**EXERCISE DESCRIPTION**.
A stretch of the entries below is to be set down exactly, running from the line with "ロエベ LOEWE ゲート" through the line with "De Slingerkamp 4 Nieuwkoop thumbnail 56", both included, and no other line.

**DATASET ENTRIES**.
════════════════

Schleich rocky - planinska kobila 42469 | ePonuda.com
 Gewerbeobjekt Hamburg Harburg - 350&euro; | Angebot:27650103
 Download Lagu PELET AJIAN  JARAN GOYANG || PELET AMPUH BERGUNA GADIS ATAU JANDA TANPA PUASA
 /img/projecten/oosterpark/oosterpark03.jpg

════════════════

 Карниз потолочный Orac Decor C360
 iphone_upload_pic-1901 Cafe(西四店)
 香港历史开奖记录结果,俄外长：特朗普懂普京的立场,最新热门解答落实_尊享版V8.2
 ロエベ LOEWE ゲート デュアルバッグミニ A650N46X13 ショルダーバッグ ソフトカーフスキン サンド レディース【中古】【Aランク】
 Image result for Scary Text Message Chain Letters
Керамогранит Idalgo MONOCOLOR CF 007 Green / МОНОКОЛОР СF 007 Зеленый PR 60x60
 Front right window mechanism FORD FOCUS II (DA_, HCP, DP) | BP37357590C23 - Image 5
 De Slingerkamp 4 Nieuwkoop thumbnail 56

════════════════

**REPLY**.
 ロエベ LOEWE ゲート デュアルバッグミニ A650N46X13 ショルダーバッグ ソフトカーフスキン サンド レディース【中古】【Aランク】
 Image result for Scary Text Message Chain Letters
Керамогранит Idalgo MONOCOLOR CF 007 Green / МОНОКОЛОР СF 007 Зеленый PR 60x60
 Front right window mechanism FORD FOCUS II (DA_, HCP, DP) | BP37357590C23 - Image 5
 De Slingerkamp 4 Nieuwkoop thumbnail 56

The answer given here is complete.